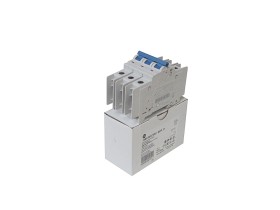 ALLEN BRADLEY 1489-M3C050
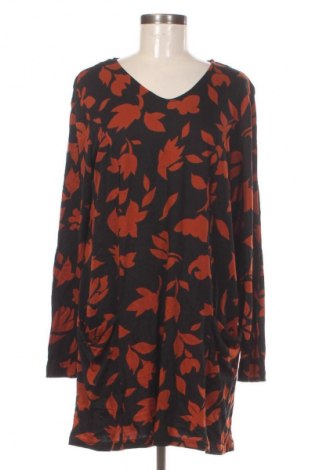 Bluză de femei Cellbes, Mărime L, Culoare Multicolor, Preț 115,99 Lei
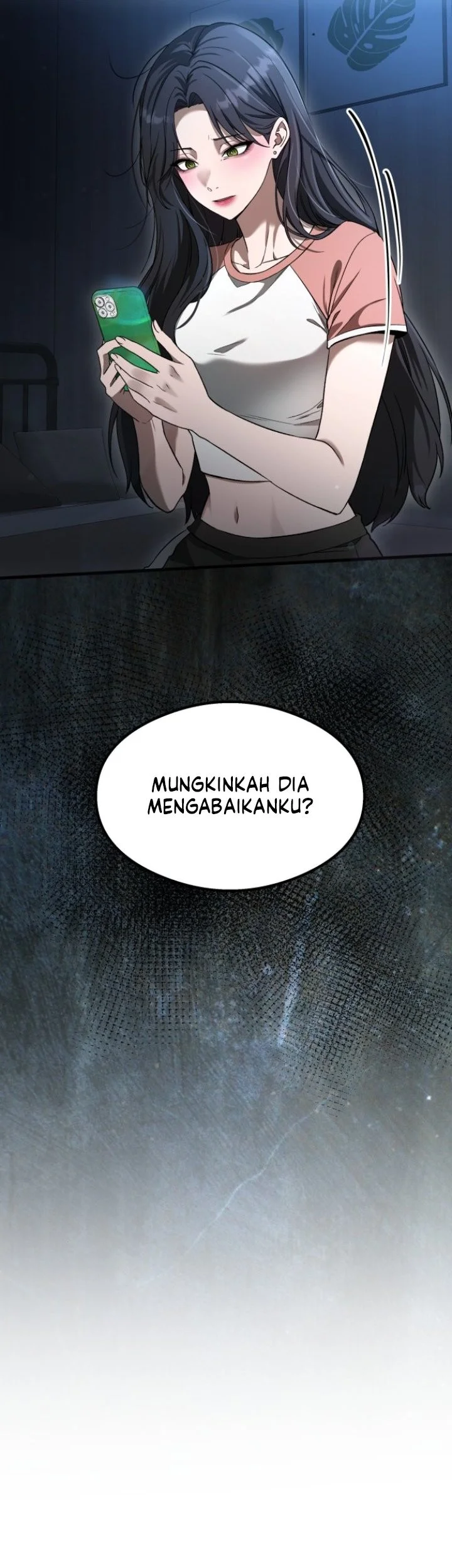 Halaman 85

**Problem to solve**
The answer must be the exact lines from the line with "Bluză de femei" to the final line of the data, both ends included, with no pictures.

**Result below**
 Bluză de femei Cellbes, Mărime L, Culoare Multicolor, Preț 115,99 Lei
 Halaman 85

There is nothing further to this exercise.